__TASK GOAL__:
Pictures stay out of the copy. Everything else in the records must be repeated exactly.

__ENTRIES SUPPLIED__:
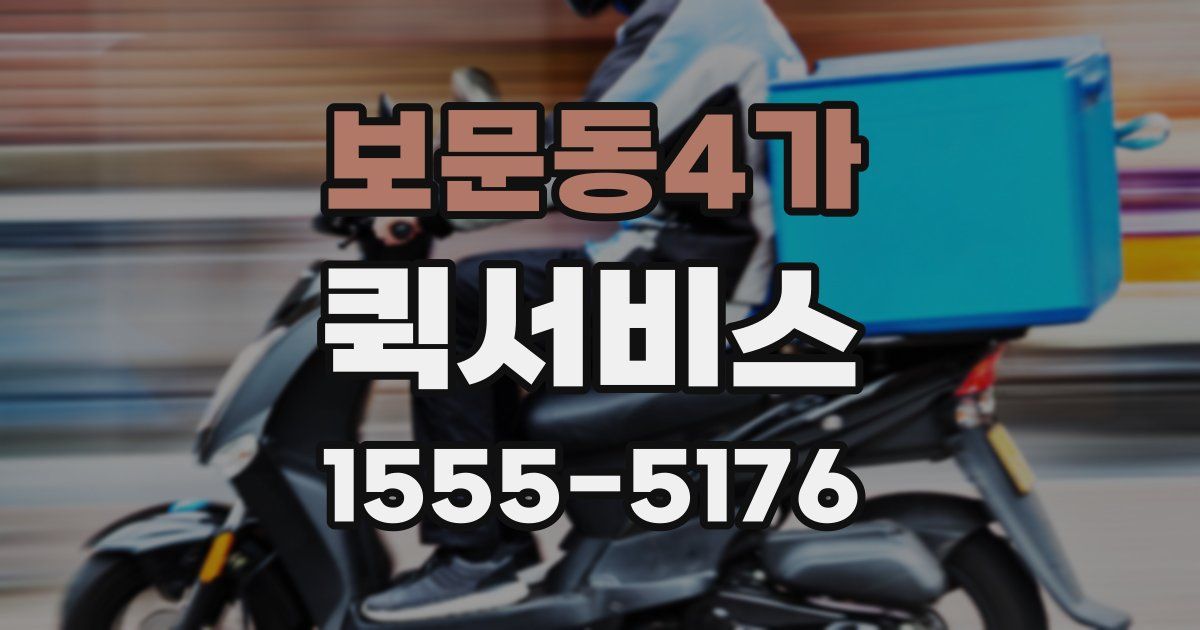 보문동4가 퀵서비스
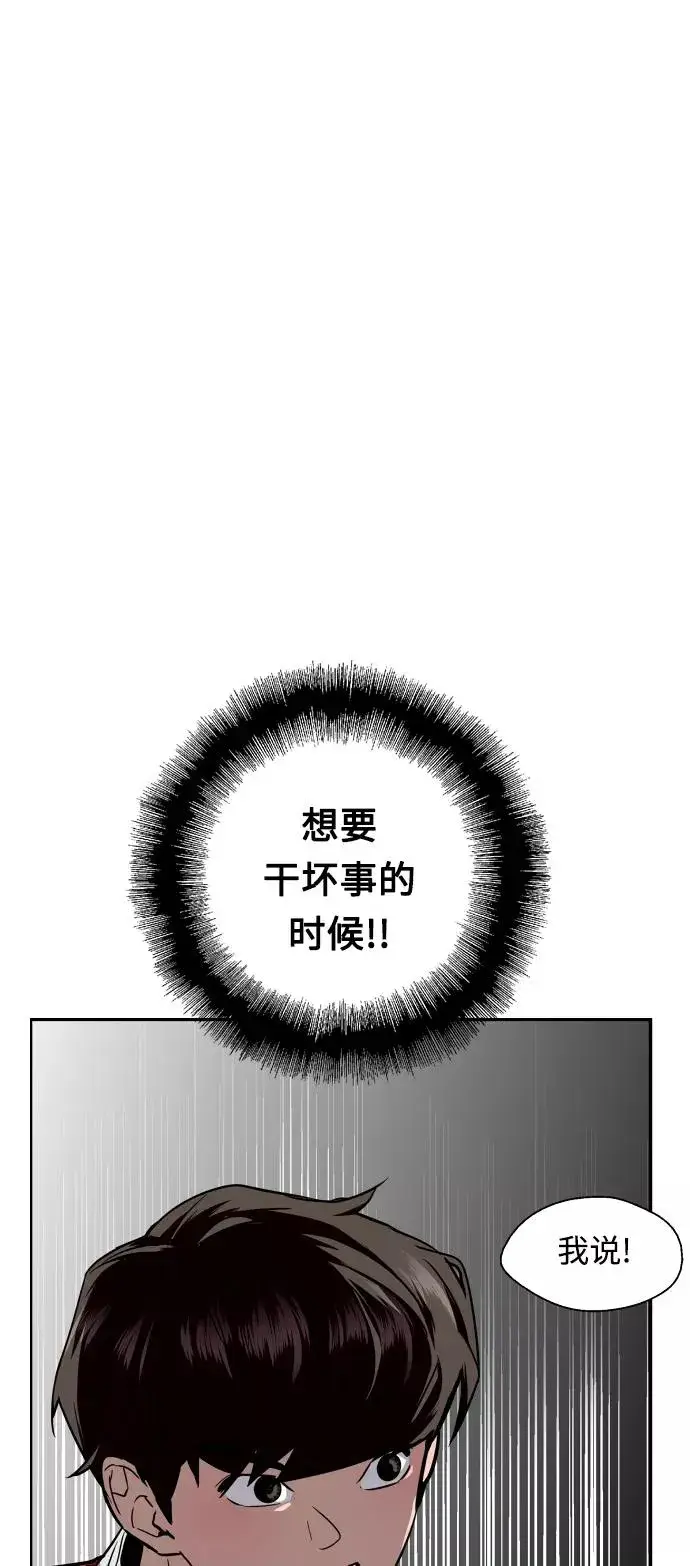 漫画《爱上姐姐的理由》[第96话] 朴室长第53张图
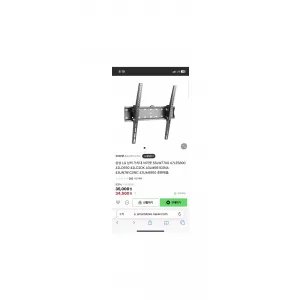 삼성 lg 상하 브라켓 호환제품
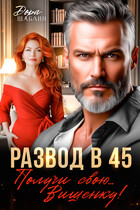 Развод в 45. Получи свою… Вишенку!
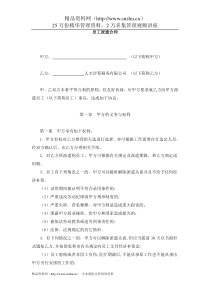 【合同样本--员工派遣合同】（DOC 5页）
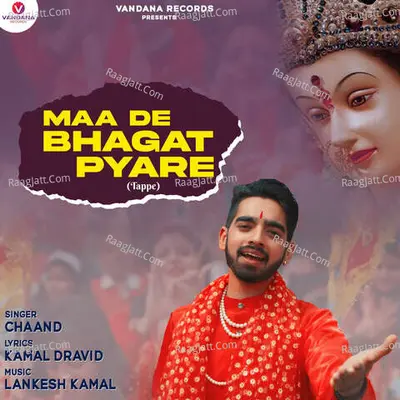 Maa De Bhagat Pyare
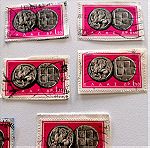  Vintage 8 τμχ γραμματόσημα 1963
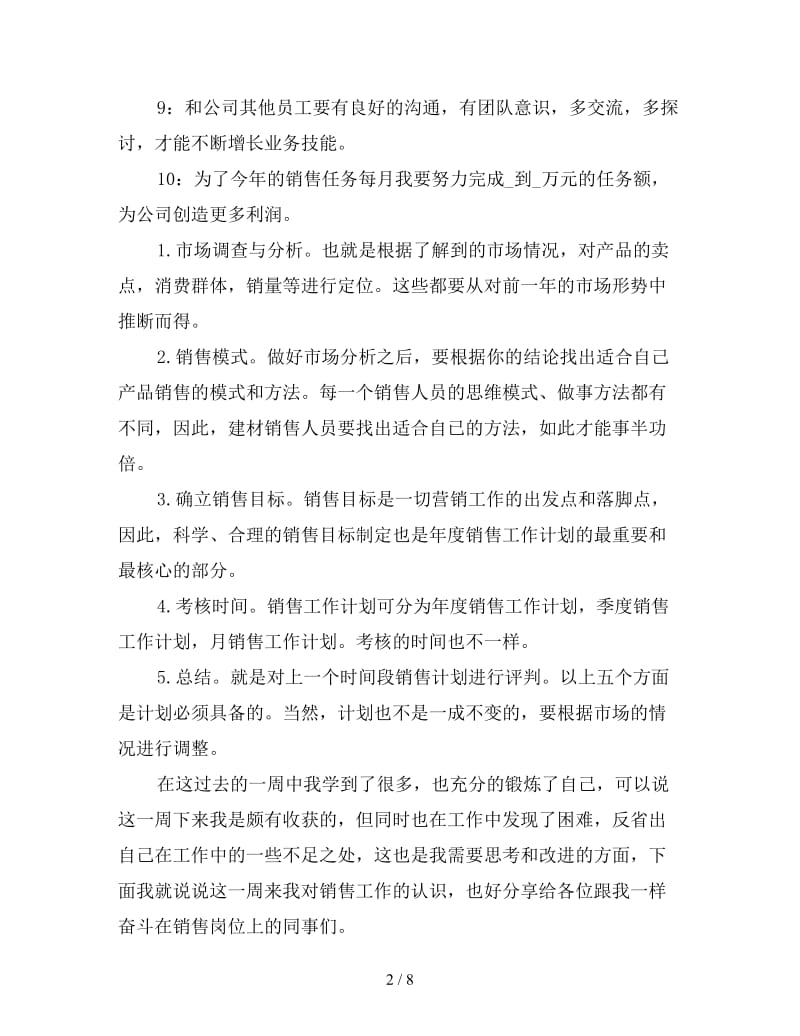 销售人员一周工作计划表四篇.doc_第2页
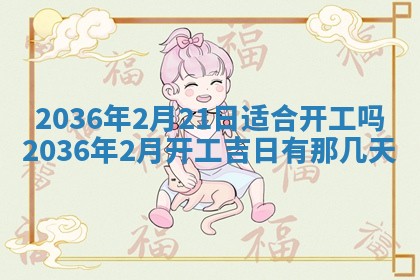 2025年11月11日的财神在哪个方位,财神方位详解
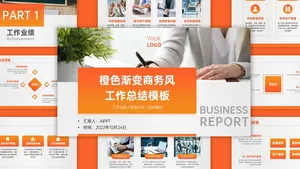 橙色渐变商务风工作总结PPT模板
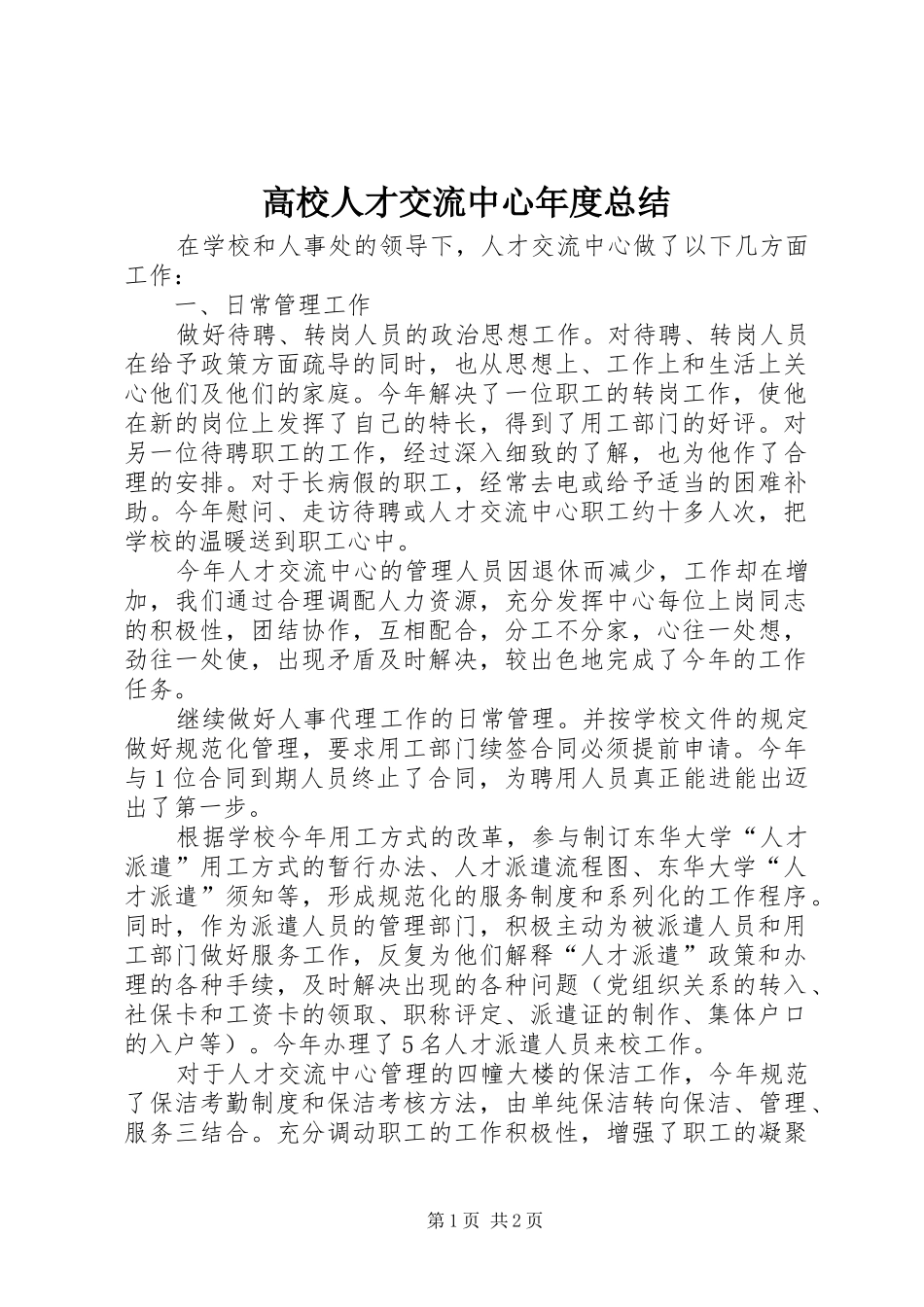 高校人才交流中心年度总结_第1页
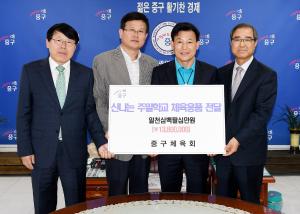 신나는 주말학교 체육용품 전달
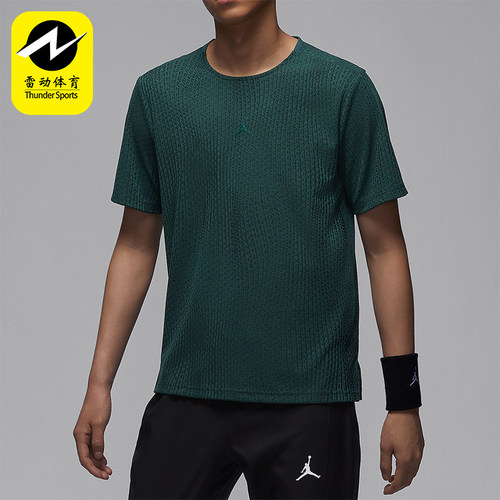 Nike/耐克男士运动休闲短袖
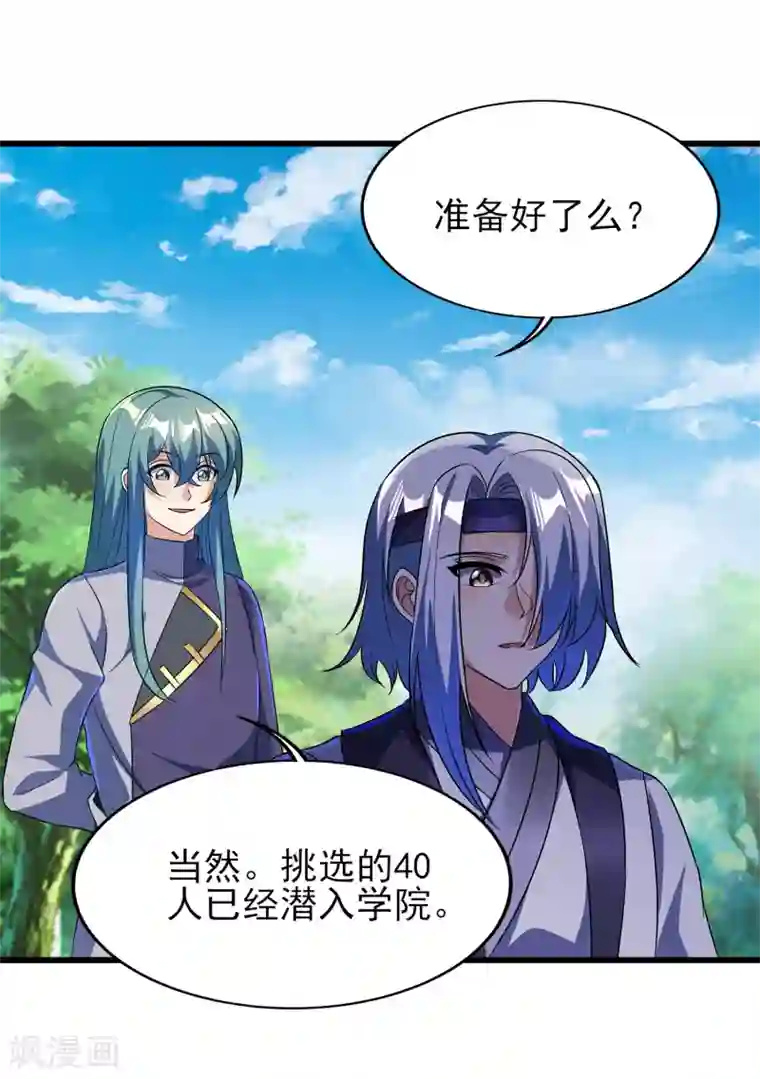 天醒之路第二季第64话 七星会试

__EXERCISE OUTPUT__:
 보문동4가 퀵서비스
 漫画《爱上姐姐的理由》[第96话] 朴室长第53张图
 삼성 lg 상하 브라켓 호환제품
 Развод в 45. Получи свою… Вишенку!
 【合同样本--员工派遣合同】（DOC 5页）
 Maa De Bhagat Pyare
  Vintage 8 τμχ γραμματόσημα 1963
 销售人员一周工作计划表四篇.doc_第2页
 2025年11月11日的财神在哪个方位,财神方位详解
 橙色渐变商务风工作总结PPT模板
 高校人才交流中心年度总结_第1页
 신나는 주말학교 체육용품 전달
 Nike/耐克男士运动休闲短袖
 天醒之路第二季第64话 七星会试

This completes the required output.